About Ryan

Ryan is the webmaster and a member of the executive for the True Grist homebrew club. Outside of brewing, Ryan is a Ph.D. student studying Nuclear Physics at the University of Guelph. He’s been brewing for over 3 years, with most of that time spent as an all-grain brewer. His first batch was a 1 Gallon “Every Day IPA” kit from Brooklyn Brew shop which was a gift from his mother-in-law for Christmas. The obsession stuck.

What other hobbies or interests do you have?

My wife and I like to play volleyball, both indoor and beach. I keep pretty active playing sports and running. For the last five years, I’ve also been a member of a pub darts team. We are by far the youngest team in the league but it’s a great way to spend a Monday night!

I like to play disc golf. It’s a super fun sport and much harder than it sounds. We travel a lot and almost every city we have been to, including places in New Zealand and Europe, have disc golf courses. We try to hit up as many courses and breweries as possible wherever we go. It really gets you to see parts of a city you might otherwise not have seen.

I have a cat named Sam (after Samual Adams) and a lab/rat terrier mix dog named Abbey (after The Lost Abbey).

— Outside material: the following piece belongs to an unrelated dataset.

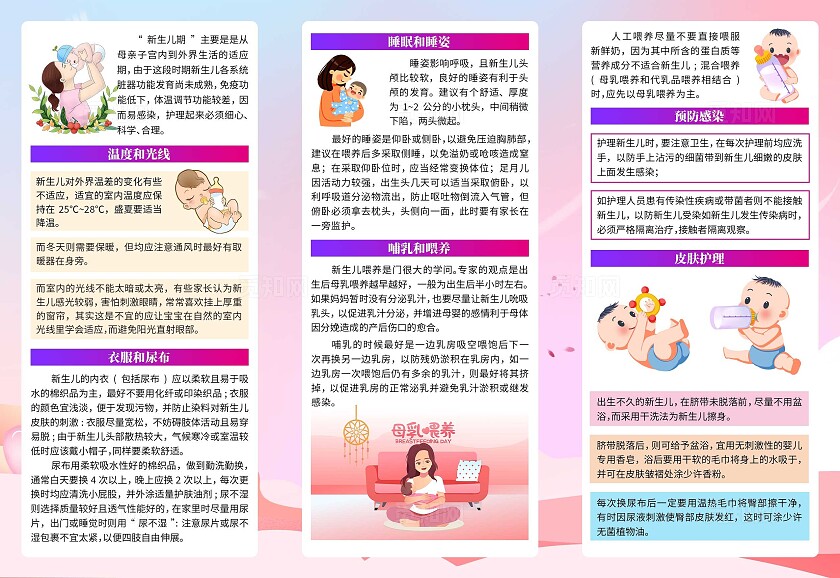 粉色新生儿护理时的注意事项有哪些三折页国际新生儿筛查日
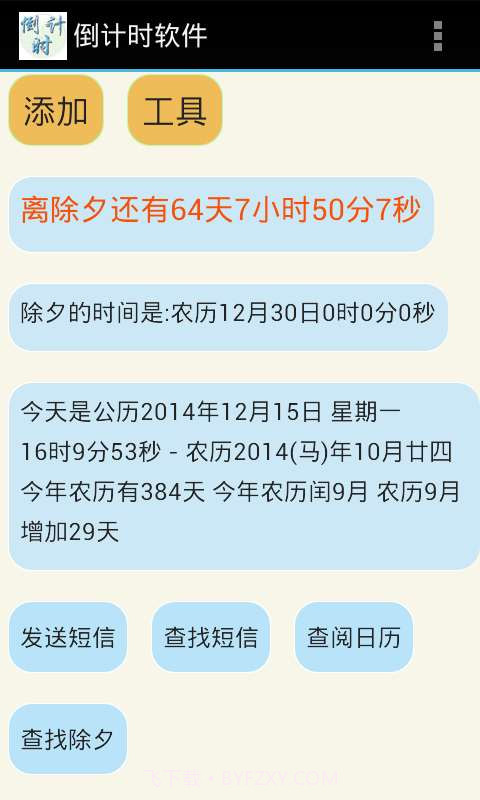 倒计时软件截图6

What is your favourite type of beer to brew/drink?

Honestly, it changes seasonally, but I like drinking Belgian and mixed fermentation beer, but I also love a nice, crisp, clean lager.

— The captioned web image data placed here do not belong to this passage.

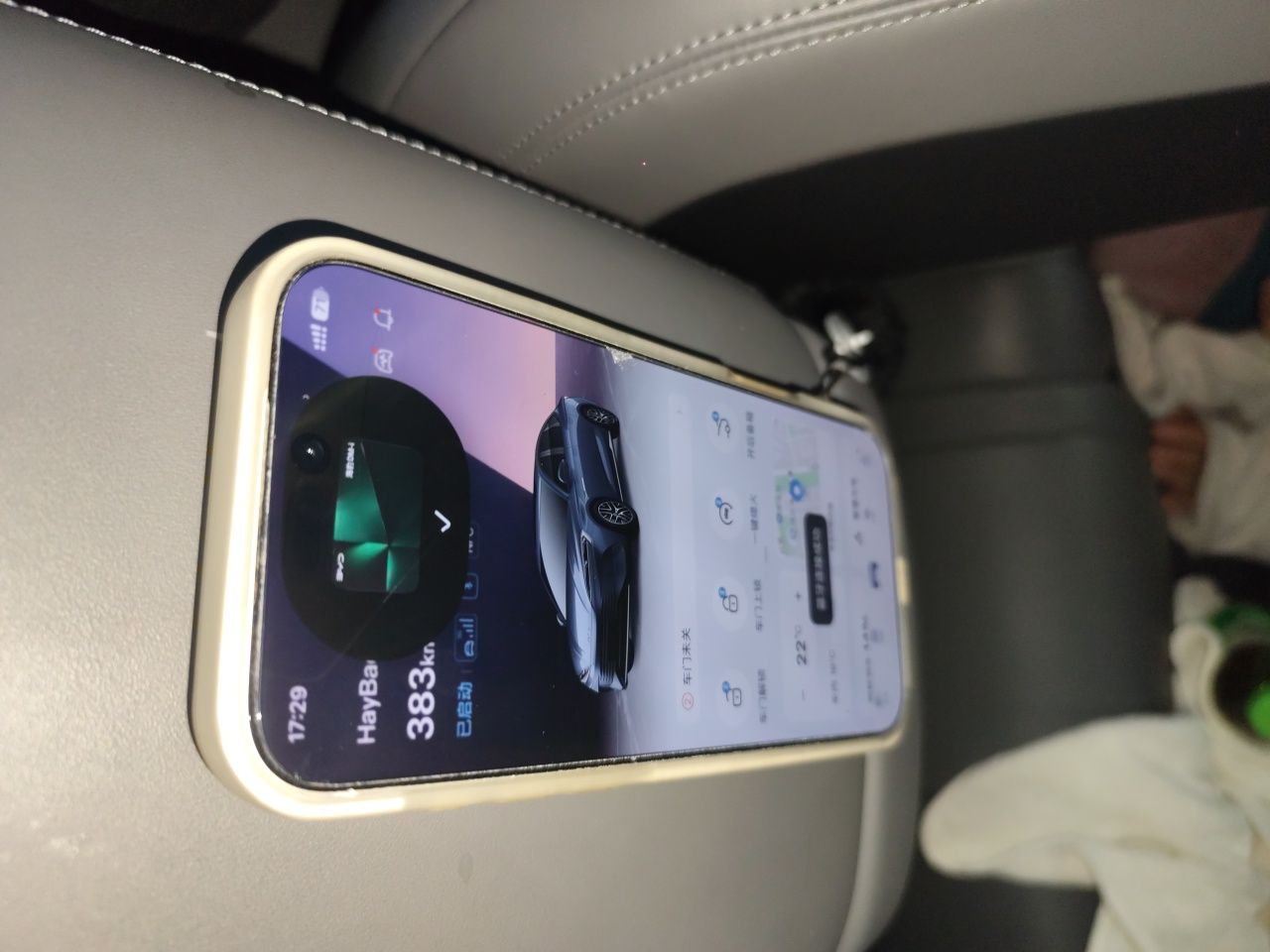 BYD Seal 2024 HONOR Edition DM-i 1.5L 121km Luxury Model — снимка 20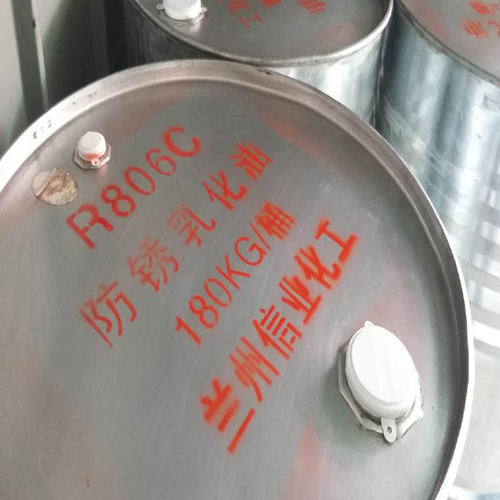 供应甘肃皂化液和兰州切削液&nbsp;&nbsp;兰州皂化液&nbsp;&nbsp;甘肃切削液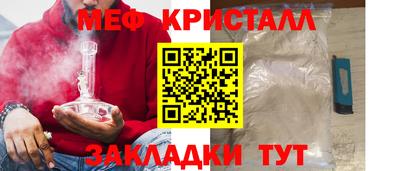 COCAINE Обнинск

What type of system do you brew on?

I brew 5.5 gallon batches outside on my back deck. I mash and batch sparge in a converted 48 Qt. Coleman cooler with a bazooka screen. I batch sparge using one of my old SS kettles as a HLT. My kettle is a 10 Gal SS pot on a Blichmann Top Tier propane burner. I’ve recently started recirculating my wort using a chugger pump when chilling with my copper immersion chiller. It just makes it easier to walk away and do other things at the same time. I ferment with glass and PET carboys inside of a 4.4 cu ft Danby fridge with an inkbird dual relay. I keg just about everything and serve from a dual tap kegerator.

Ryan’s outdoor brewing setup

What is your favourite recipe?

I was a big fan of my 2017 True Brewer Doppelbock submission. The hop schedule looks a little crazy, but I had 3 different lots of hallertau hops! It turned out super clean for an 8% abv beer, and was just loaded with all sorts of malty goodness. I’ll definitely brew it up again this winter.

Hot Lederhosen Doppelbock. Named after a club brewing accident, this beer was over-the-top malty.

What is the beer you wish you never brewed?

Early on in my brewing, I brewed a 2 gallon batch of porter on my stovetop. The batch turned out very astringent, phenolic, and extremely medicinal. It also gushed something fierce out of the bottles. It just seemed like everything went wrong with that batch. I ended up dumping it. My wife wouldn’t even let me brew porter for a while after that. However, my current porter recipe is one of my favourites!

Brownian Motion Porter

What do you wish to improve on in your brewing?

Being more adventurous with ingredients. I don’t use a lot of herbs, spices, fruits or other adjuncts in my beer. I tend to brew simple recipes with simple ingredients. I’ve tried to stick to making good beer following the traditional classic styles, but I think I’m ready to step out of my comfort zone and start experimenting more.

Do you have any brewing tricks, or “hacks”?

Harvest yeast off of your starter! With a decent calculator, you can figure out how much slurry to harvest off of your starter in order to have a reasonable amount of yeast to grow up for your next batch. It means you save some money on yeast, and can keep strains going that may not be available year round.

What is your philosophy on brewing and what advice would you give to new brewers?

If you pay attention to the cold side, you have a huge margin of error on the hot side. I know that the brew day is the exciting part with lots of ingredients, steps and equipment, but a solid fermentation is how to make the best beer. Almost all of my brewing effort goes into fermentation and packaging. Make sure your yeasties are happy and they will make happy beer.

If you could have a beer with any historical figure, who would it be and why?

Tough one. I’d probably have to go Ben Franklin. He seems like he was a super interesting dude who did just about everything. There was also evidence that he loved beer. Who better to sit and have a chat with than someone who is interested in everything, and loves beer!